/---

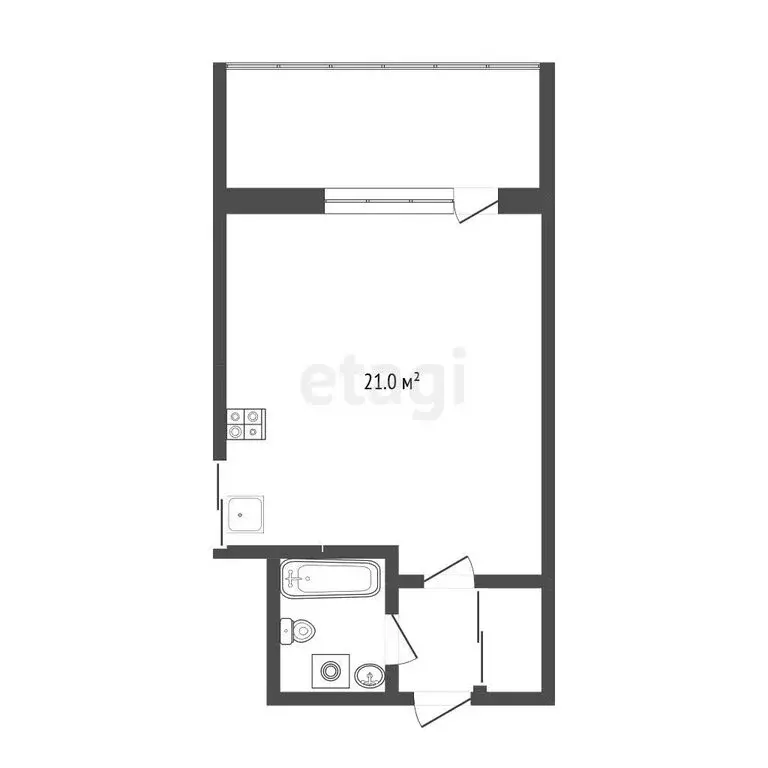 Квартира-студия: Тюмень, Харьковская улица, 85А (21 м) - Фото 1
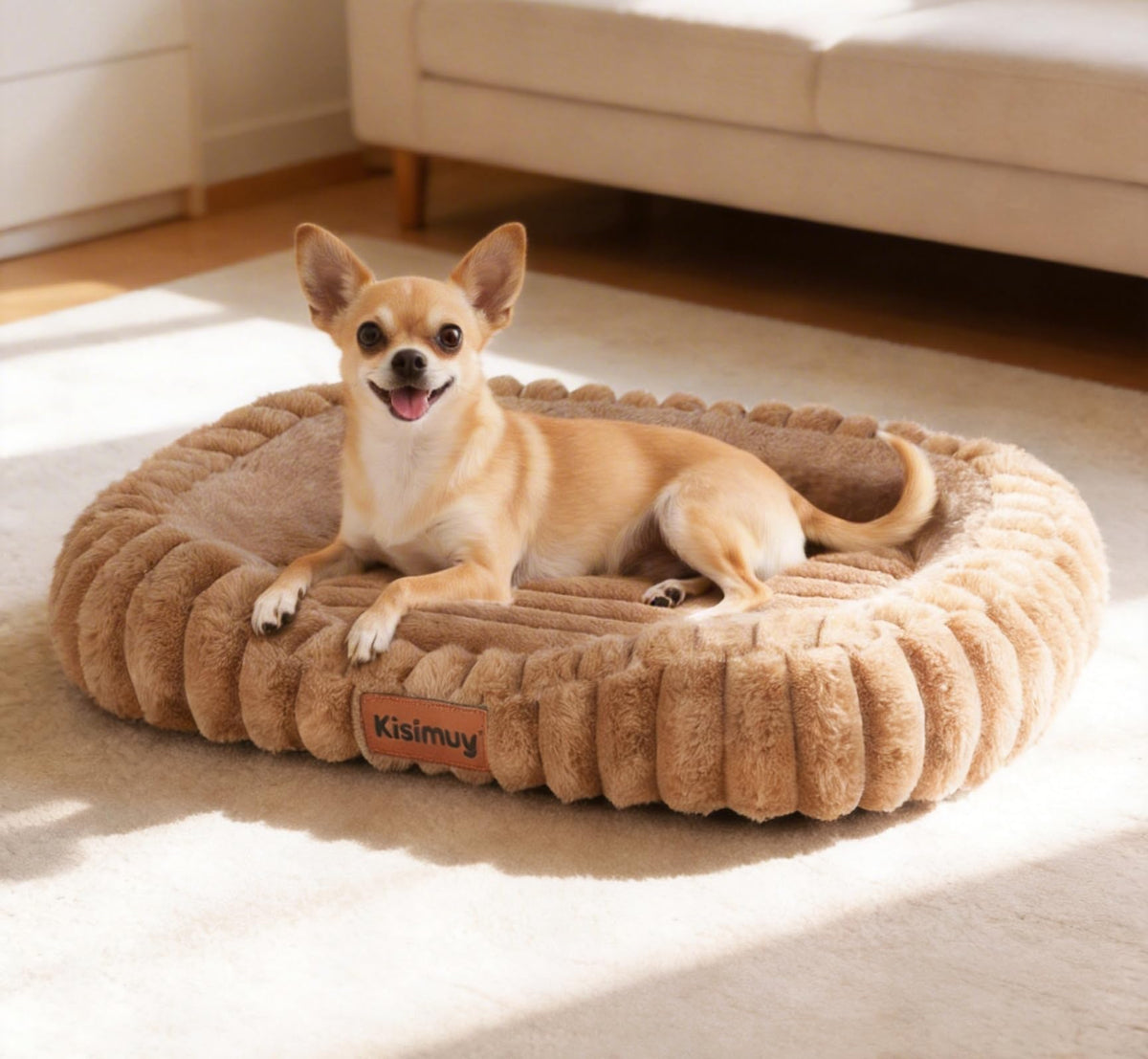 KISIMUY Orthopedic Dog Bed, Durable Calming Bolster Dog Couch Large Dogs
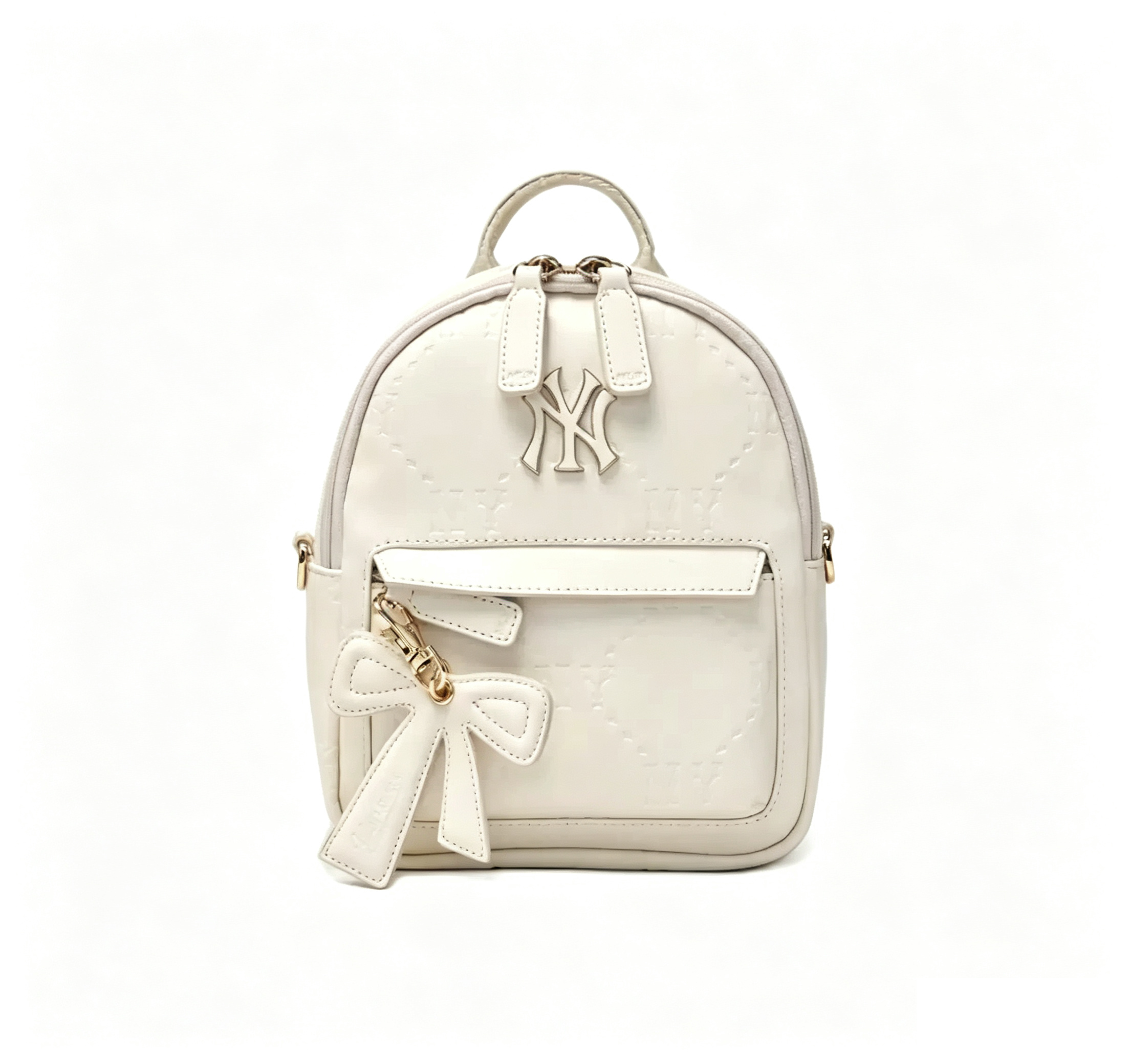 Mini Embossed Pattern Backpack for Women, Cute Bow Pendant Small Daypack, PU Leather Casual Rucksack Multi‑Way Shoulder Bag for Daily Use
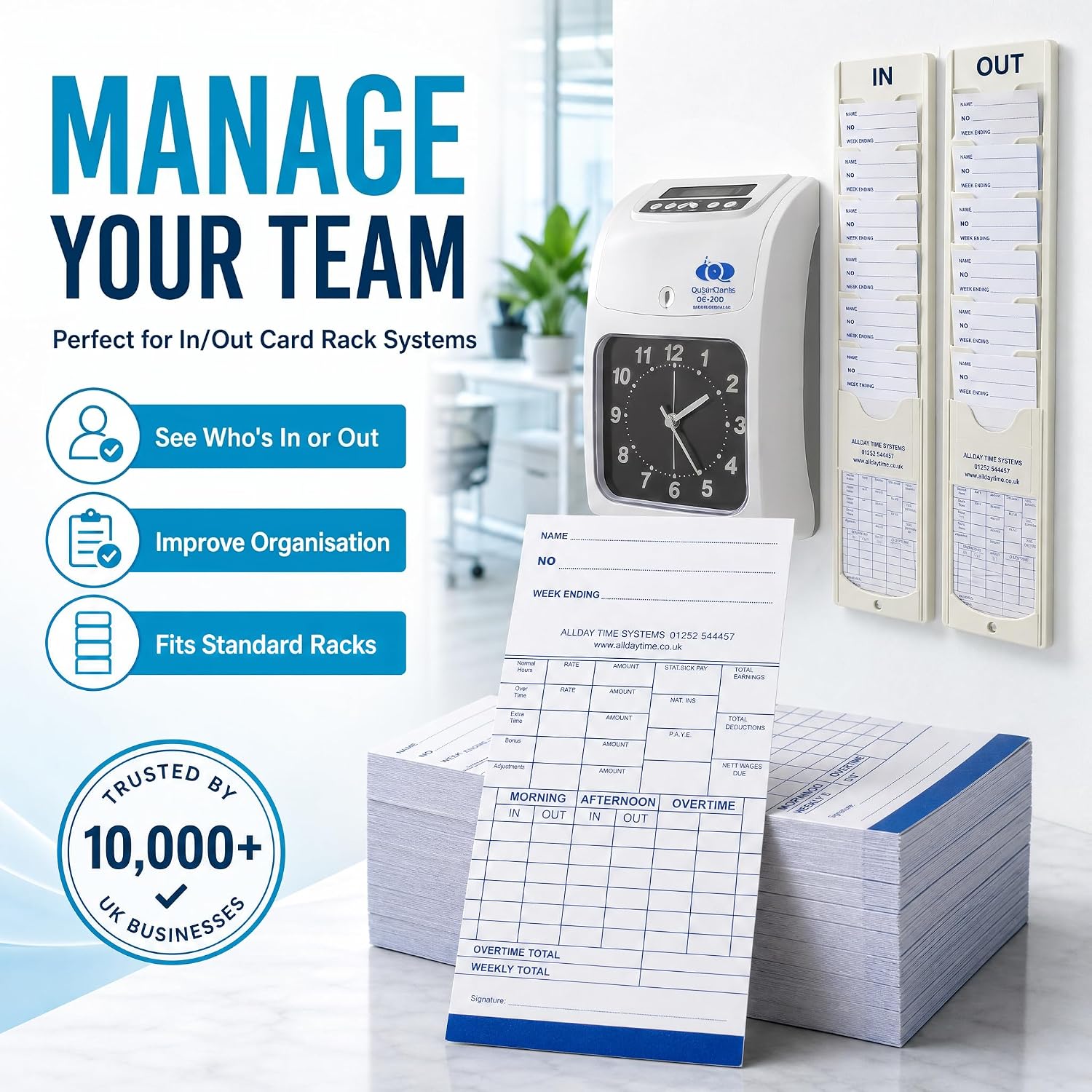 Detalle de QuickClocks Weekly Clocking in Cards (Pack 1000) for QC500N, QC500D and QC400 Clocking In Machines
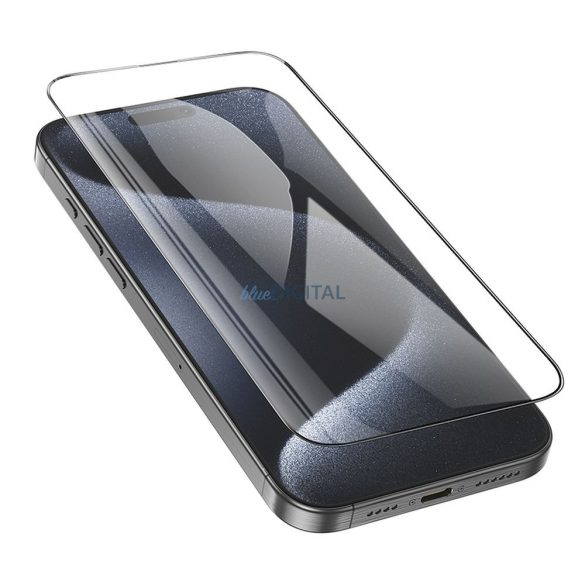 Hoco 5D Guardian Shield edzett üveg fekete szegéllyel iPhone 16 Pro - 10 db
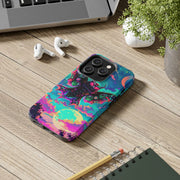Mothman Tough Phone Case – Psychedelic Neon Cryptid Aesthetic - LavenderCeleste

\---

Work required:
In your copy, include no pictures and only the lines from the line with "Hoco 5D Guardian" through the final line of the listing above, reproduced exactly.

The answer:
 Hoco 5D Guardian Shield edzett üveg fekete szegéllyel iPhone 16 Pro - 10 db
Mothman Tough Phone Case – Psychedelic Neon Cryptid Aesthetic - LavenderCeleste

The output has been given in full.